American investment banker

Roger Charles Altman (born April 2, 1946) is an American investment banker, the founder and senior chairman of Evercore, and a former Democratic politician. He served as
Assistant Secretary of the Treasury in the Carter administration from January 1977 until January 1981 and as Deputy Secretary of the Treasury in the Clinton administration from January 1993 until he resigned in August 1994, amid the Whitewater controversy.

==Early life and education==
Altman was born in Brookline, Massachusetts, and was raised in Boston as a Catholic. His father, a food broker, died when he was 10 years old, and his mother, a librarian, raised Altman and his brother as a single mother. He attended the Roxbury Latin School.

He attended Georgetown University, where he met future President Bill Clinton, and earned a Bachelor of Arts degree in 1967. In 1969 he earned an MBA from the University of Chicago Booth School of Business, but took time off in 1968 to work in Indiana organizing volunteers for Robert F. Kennedy's presidential campaign.

==Career==

===Early career===
After graduating from business school in 1969, Altman began working at Lehman Brothers, where he grew close to chairman Peter G. Peterson. In 1974, he was made general partner at the age of 28—the youngest in Lehman's history. He left Lehman in 1977 to serve as Assistant Secretary for Domestic Finance in the U.S. Treasury from 1977 to 1981 under President Jimmy Carter, for whom he had fundraised when Carter was Governor of Georgia, and campaigned for in 1976, as well as working on his transition team. As Assistant Secretary, Altman played a "role in negotiating the Federal Government's $1.5 billion bailout of the Chrysler Corporation."

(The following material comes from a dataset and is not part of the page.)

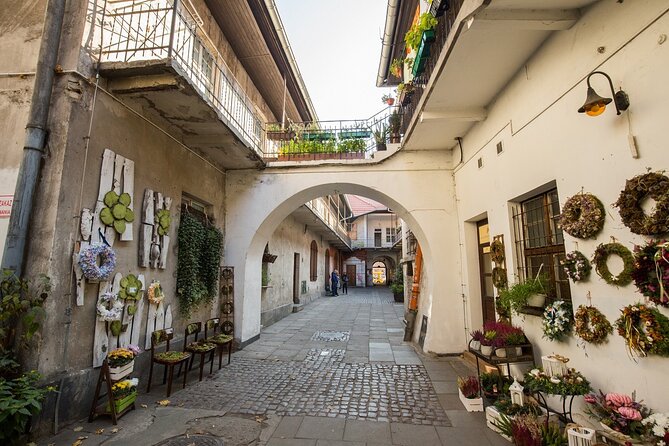 Krakow: Jewish Quarter Kazimierz & Schindlers Factory & Ghetto Guided Tour - Inclusions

In 1981, he returned to Lehman Brothers, where he became the co-head of investment banking and served on the board of the company and the management committee. During the 1980s, he was a lecturer and adjunct professor at the Yale University School of Management. In 1987, Altman joined the Blackstone Group as vice-chairman and head of its mergers and acquisitions advisory business. During the Reagan-Bush years, he fundraised for Democratic politicians such as Vice President Walter F. Mondale, Massachusetts governor Michael S. Dukakis, and Arkansas governor Bill Clinton. He also advised two New York City mayors, Ed Koch and David N. Dinkins.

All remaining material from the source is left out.